A paradigm is how we view the world around us. A paradigm shift is an “Aha” moment when our perspective changes. We observe this in the story of David and Goliath. A young shepherd named David is sent by his father to take food to his brothers who are afraid to fight this 9.5 foot plus tall “giant” of a man as he thrashes them with his verbal insults. Their perspective and paradigm are they have no one big or strong enough to fight this giant! David is astounded that there is not one man, including King Saul, who is willing to defend the honor and God of Israel. Exasperated by their doubts, David remarks, “Is there not a cause?” David then tells King Saul of his plan to fight Goliath. Saul remarks, “thou art but a youth and he is a man of war from his youth!” David responds that he has kept and defended his father’s sheep for years and even slew a lion and a bear in defense of his flock. There was the paradigm shift. Everyone was afraid of the size and skill of Goliath. Instead David was thinking, HOW CAN I MISS!? He is so big I can’t miss hitting him just like I did with the lion and the bear! (1 Samuel 17:4-54 Bible KJV)

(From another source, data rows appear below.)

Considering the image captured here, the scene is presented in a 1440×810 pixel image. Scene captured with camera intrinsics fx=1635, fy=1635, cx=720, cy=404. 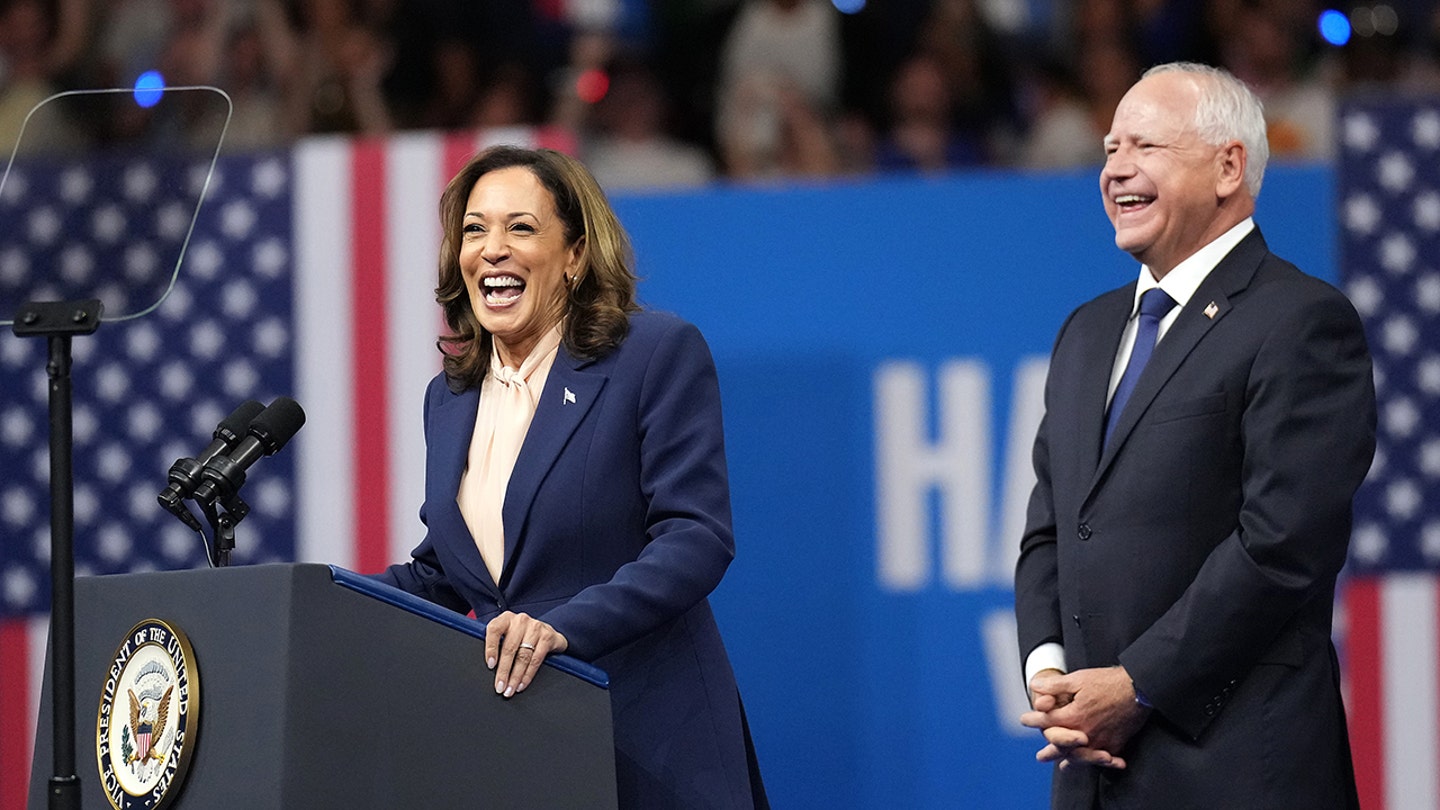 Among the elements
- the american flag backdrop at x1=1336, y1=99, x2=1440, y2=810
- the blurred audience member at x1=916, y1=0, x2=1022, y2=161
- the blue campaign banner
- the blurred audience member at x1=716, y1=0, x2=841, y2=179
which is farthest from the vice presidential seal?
the blurred audience member at x1=916, y1=0, x2=1022, y2=161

Education is our cause! Have you had your personal educational paradigm shift? I saw such a shift this summer with the courage of a young family in Southern Oregon with a tenacious mother that wanted a charter school in her town. When the bureaucracy ganged up on her and the other parents and denied them; they shifted their paradigm. They built a private school that most of the children in that town now attend. Micro-schools, home schools and charter schools continue to lead the way in post-COVID education. Parents and especially mothers have planted their maternal flags in the ground that their children and the education of such belong to them, not the state. How do we sustain such a bold yet natural, self-evident truth? Rabbi Jonathan Sacks stated, “To defend a country you need an army. But to defend a free society you need schools. You need families and an educational system in which ideals are passed on from one generation to the next, and never lost, or despaired of, or obscured. There has never been a more profound understanding of freedom. It is not difficult, Moses was saying, to gain liberty, but to sustain it is the work of a hundred generations. Forget it and you lose it.” Education is not a one-time event, it is a process and a character shift. It is generational thinking. It is understood that we are planting shade trees by building educational sanctuaries for children becoming great citizens and souls that will produce the shade of which we may never personally repose. It is generational thinking that is required to sustain liberty and families into the future.
One of my educational paradigm shifts came some 20-25 years ago. I was listening to a mentor, Oliver DeMille, talking about the founding fathers and our country. He noted that most were self-educated and set aside their business and personal interests to give to their communities and country. This is what they termed “public virtue”. A few years later Oliver asked me and others, “What are you doing for your grandchildren?” I did not have any grandchildren at the time, but I knew that my answer had to do with education. The shift was to stop dwelling on today and to think about the world my grandchildren would one day inherit. I thought to myself, what will I tell my posterity about the difficulties of our times? What did I do to build sanctuaries of learning, faith, and freedom?
Earlier this year our family took a trip to Boston. Near the city of Quincy is Penn’s Hill. It was the place where Abigail Adams took a very young John Quincy Adams to observe the Battle of Bunker Hill some 10-15 miles in the distance. She wrote of that day, “The day, perhaps the decisive day is come on which the fate of America depends. My bursting heart must find vent with my pen.” That was a paradigm shift seeing the world and place they lived would never be the same. John Quincy wrote of that day, In 1846 John Quincy Adams recalled, “The year 1775 was the eighth year of my age. Among the first fruits of the War, was the expulsion of my father’s family from their peaceful abode in Boston, to take refuge in his and my native town of Braintree…. For the space of twelve months my mother with her infant children dwelt, liable every hour of the day and of the night to be butchered in cold blood, or taken and carried into Boston as hostages, by any foraging or marauding detachment of men, like that actually sent forth on the 19th. of April, to capture John Hancock and Samuel Adams on their way to attend the continental Congress at Philadelphia. My father was separated from his family, on his way to attend the same continental Congress, and there my mother, with her children lived in unintermitted danger of being consumed with them all in a conflagration kindled by a torch in the same hands which on the 17th. of June lighted the fires in Charlestown. I saw with my own eyes those fires, and heard Britannia’s thunders in the Battle of Bunker’s hill and witnessed the tears of my mother and mingled with them my own, at the fall of Warren a dear friend of my father, and a beloved Physician to me. He had been our family physician and surgeon, and had saved my fore finger from amputation under a very bad fracture….”(https://founders.archives.gov/documents/Adams/04-01-02-0150)
Have you had your educational paradigm shift as to what matters most? Education is where you will find it. Your soul is where you will nurture it. Your actions are where you will sustain it.